There is no obvious successor lined up for a ringmaster who  went through a triple heart bypass in 1999 (“I recommend  everybody has one,” he said later) and was more recently  divorced from his Croatian wife Slavica, who towered above him,  after 26 years together.

“He’s an extraordinary individual, when you think of an  80-year-old who is still rushing around in the way he is and the  energy that he has,” McLaren team principal Martin Whitmarsh  told Reuters.

“He intends to be here in 10 years’ time because this is his  life, isn’t it?

“He will be here until sadly he will be incapacitated by  some force of nature.

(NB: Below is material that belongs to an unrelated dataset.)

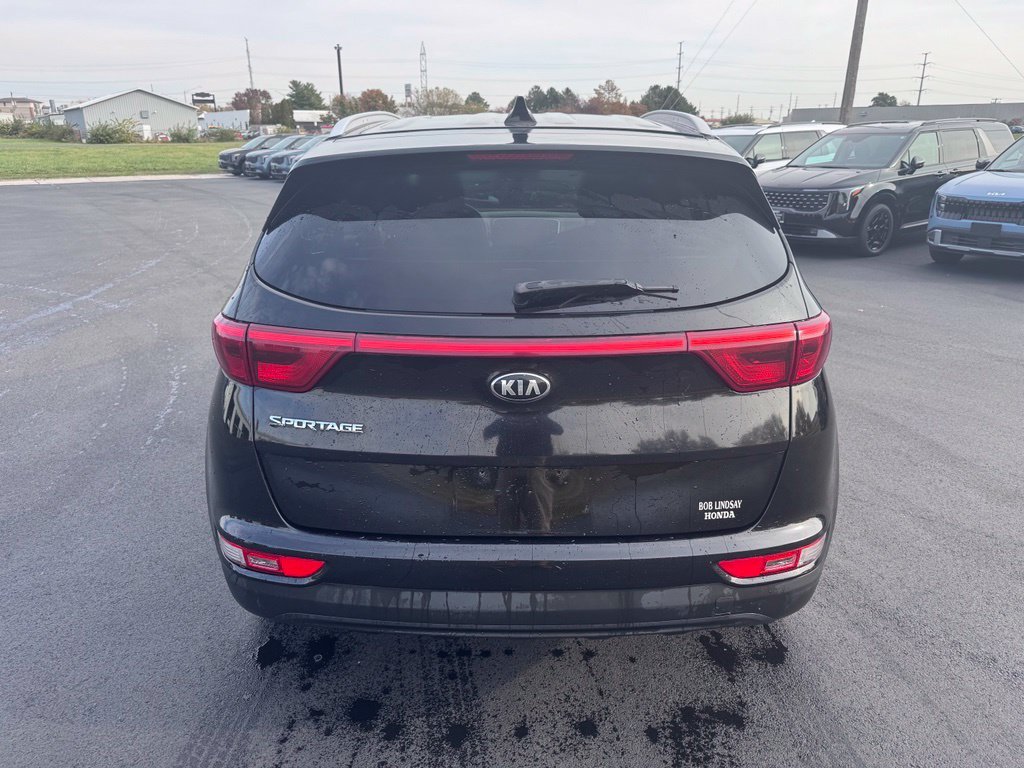 Used 2017 Black Cherry Kia LX image 6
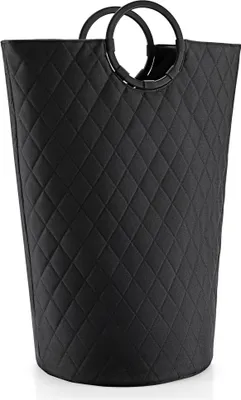 A black quilted laundry basket with round handles.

So that’s very clear,” added the Briton.  “It’s a bit like some performers who just can’t stop and they’ve  got to carry on and he’s one of those people.”

Whitmarsh said the lack of an heir apparent was not ideal  but he also recognised it as a situation that was not going to  change.

“Those of us who are still around, if we manage to survive,  when he finally is no longer around will have to find a way to  bring it together,” he said.

“But he is not capable of either choosing, grooming or  trusting a successor, frankly.”

STRONG FUTURE

International Automobile Federation (FIA) president Jean  Todt, another diminutive dynamo who replaced Ecclestone’s  long-term ally Max Mosley last year, brushed off any concern  from the governing body’s part.

“I must say it is extraordinary to see this guy, days before  he is to be 80, how motivated, how switched on he can be,” he  said after the two most powerful men in motorsport had met in  the Yeongam paddock.

“I really wish to be in the same situation at his age. It’s  fascinating.”

The Frenchman likened Ecclestone to Microsoft co-founder  Bill Gates and Berkshire Hathaway head Warren Buffett, two  billionaires closely identified with firms that would also one  day have to move into a new phase without them.

“Bernie is a very smart guy. He has sold his company to  (private equity firm) CVC, and in fact the responsibility of the  future of Formula One is more to CVC than to Bernie,” Todt said.

“It’s up to them. I’m sure Bernie will be a big contributor,  but…Bernie is not the right guy, knowing him, to say who do  you think it should be? Because he doesn’t see any successor.  he’s very happy, he’s fit, motivated, he loves it.

“CVC are very smart business people…the companies that are  legendary are still living, making profits and innovations,”  added the Frenchman.
“I am sure that Formula One has a very strong future.”